Write the listing out again word for word, skipping each picture.

THE DATA —
___
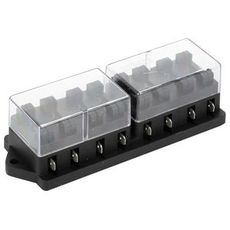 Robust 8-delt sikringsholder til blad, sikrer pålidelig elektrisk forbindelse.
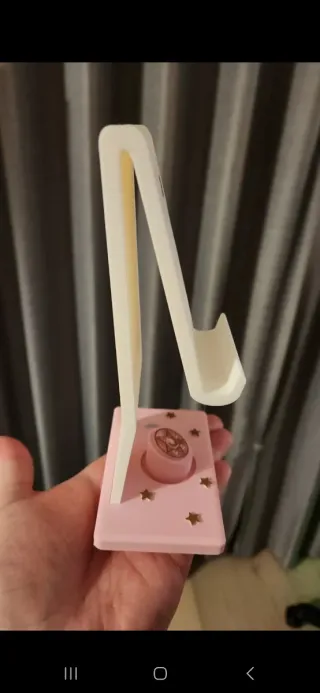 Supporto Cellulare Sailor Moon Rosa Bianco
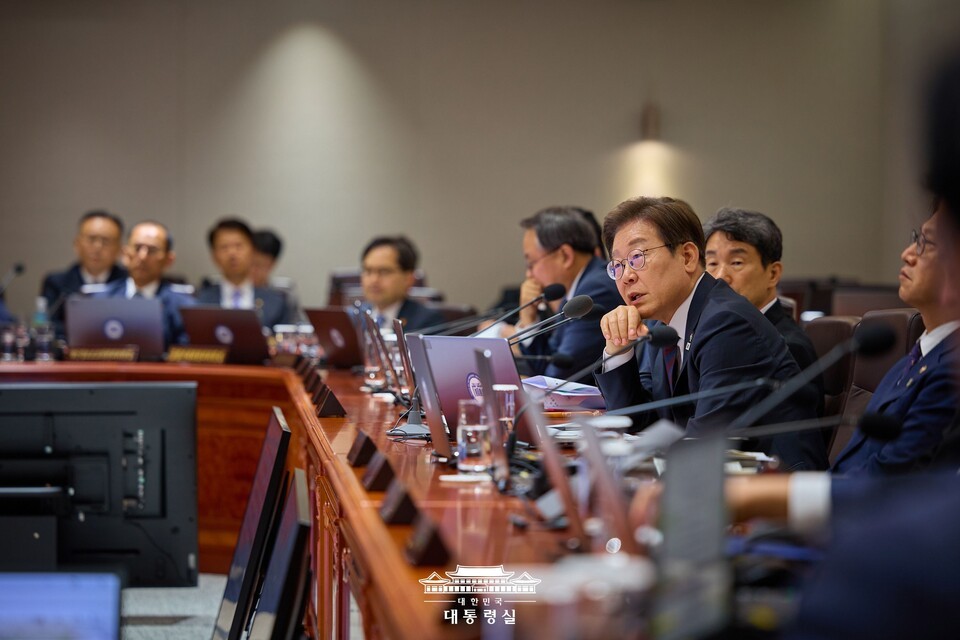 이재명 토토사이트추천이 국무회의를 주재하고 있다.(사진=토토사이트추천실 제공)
___
OUTPUT BELOW —
 Robust 8-delt sikringsholder til blad, sikrer pålidelig elektrisk forbindelse.
 Supporto Cellulare Sailor Moon Rosa Bianco
 이재명 토토사이트추천이 국무회의를 주재하고 있다.(사진=토토사이트추천실 제공)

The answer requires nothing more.